800 años de la Carta Magna (y II)
Transcribíamos en el último
“miradero” algunos de los preceptos más innovadores de la Carta Magna. Pero
encontramos otros que hoy nos resultarían pintorescos en un texto
constitucional, como el 35 (“Habrá patrones de medida para el vino, la cerveza
y el grano en todo el Reino, y habrá también un patrón para la anchura de las
telas teñidas, el pardillo y la cota de malla…”) o el 47 (“Todos los bosques
que se hayan plantado durante nuestro reinado serán talados sin demora”), e
incluso decididamente arcaicos, como el 8 (“Ninguna viuda será obligada a
casarse mientras desee permanecer sin marido. Pero deberá dar seguridades de
que no contraerá matrimonio sin el consentimiento regio, si posee sus tierras
con cargo a la Corona, o sin el consentimiento del señor a quien se las deba”),
el 11 (“Si un hombre muere debiendo dinero a judíos, su mujer podrá entrar en
posesión de la dote y no estará obligada a pagar cantidad alguna de la deuda
con cargo a aquella”), o el 54 (“Nadie será detenido o encarcelado por denuncia
de una mujer por motivo de la muerte de persona alguna, salvo el marido de
aquella”), que sin embargo supusieron algún avance en términos de garantías respecto
a la situación anterior.
Por
tanto, la Carta Magna entra con justicia en la historia del constitucionalismo
y de los derechos, pero como antecedente remoto. Su mérito es haberse
adelantado en siglos a los primeros reconocimientos de derechos, pero no hay en
su lenguaje pretensión alguna de universalidad, ni en cuanto a los “derechos”

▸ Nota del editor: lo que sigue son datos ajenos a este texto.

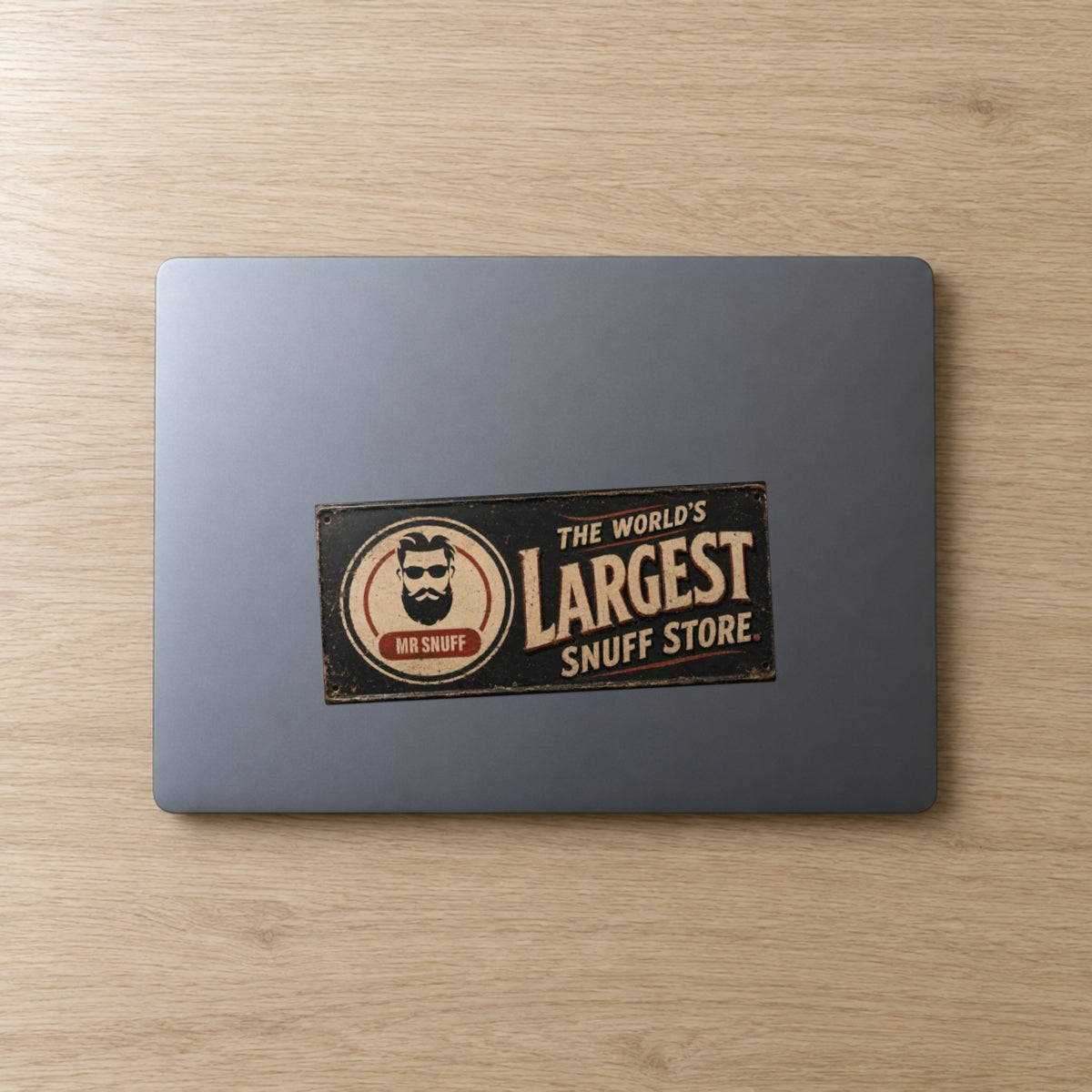 Mr Snuff Retro bumper sticker, 180 x 80 mm, on a laptop lid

(se limita a la protección de la libertad y la propiedad), ni en cuanto a las
personas (principalmente se habla de barones, eclesiásticos y mercaderes).

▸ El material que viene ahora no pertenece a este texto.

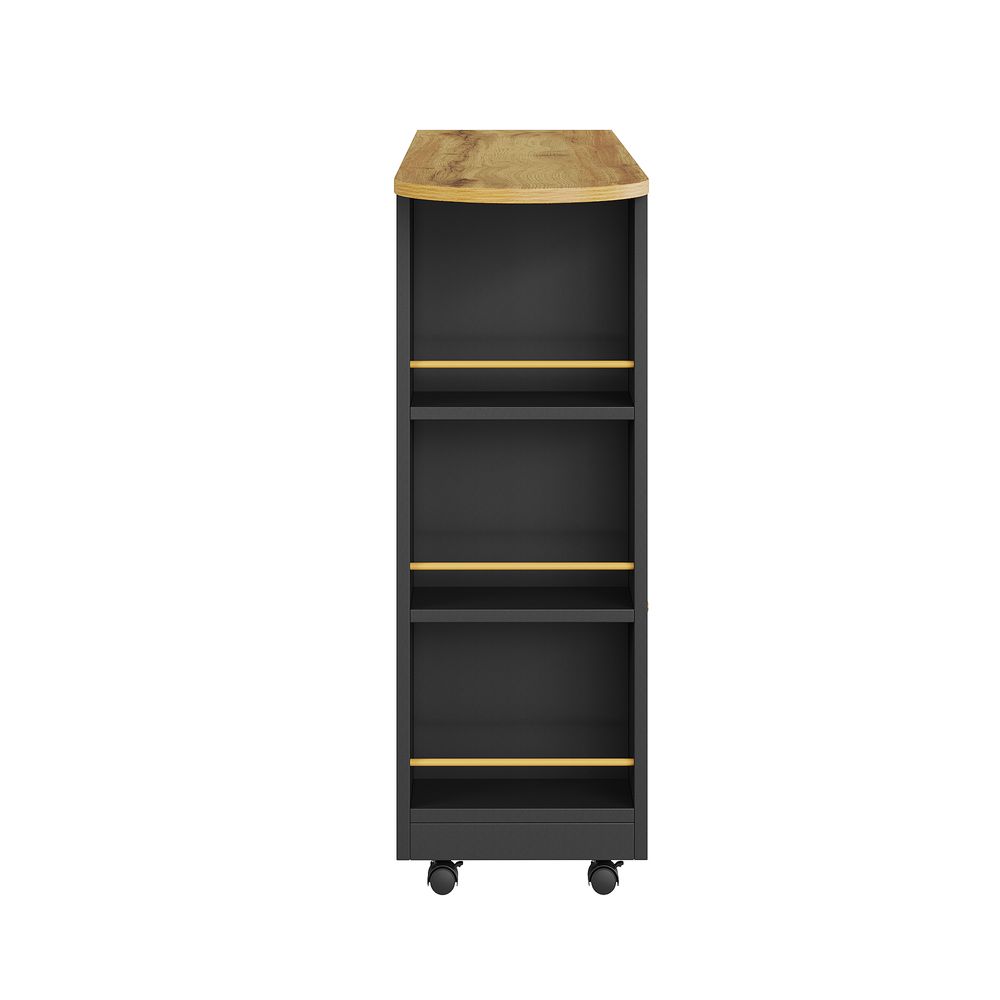 Flieks Ausziehbar Esstische Küchentisch mit Regal und Staufach, Bartisch Stehtisch mit LED, Rechteckig Tisch Kücheninsel 360 ° Drehbar, Schwarz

Habrá que esperar a las primeras declaraciones del siglo XVIII para leer
términos como “todos los hombres son, por naturaleza, igualmente libres e
independientes”. En fin, la Carta Magna del rey Juan fue un hito importante
porque adelantó los límites al poder real. Y es justo celebrar su octavo
centenario. Pero no se puede terminar sin recordar que hay un antecedente
previo casi en una generación, que fueron los “decreta” que componen la llamada
“Carta Magna Leonesa” de 1188, que reconocen límites similares al poder del rey,
aprobados en una reunión que, por muchas razones, está considerada la primera
reunión parlamentaria del mundo. Con muy escasas excepciones, han tenido que
ser curiosamente los estudiosos anglosajones quienes hayan “puesto en valor” el
significado de las Cortes leonesas de 1188. Traduzco un texto de John Keane, en
The life and death of democracy,
tratando de responder a la cuestión de dónde nació el Parlamento:
“contrariamente a lo que creen algunos anticuados devotamente británicos, que
el Big Ben es eterno, y piensan que la institución parlamentaria es sin duda
«el mejor regalo del pueblo inglés a la civilización del mundo», los
parlamentos fueron un invento de lo que hoy es el norte de España (…). De este
modo, la moderna práctica de la representación parlamentaria nació del
triángulo formado por nobles, obispos y ciudadanos. Fue en la ciudad
amurallada, antes romana, de León, en marzo de 1188 –una generación completa
antes de la Carta Magna del rey Juan de 1215-…”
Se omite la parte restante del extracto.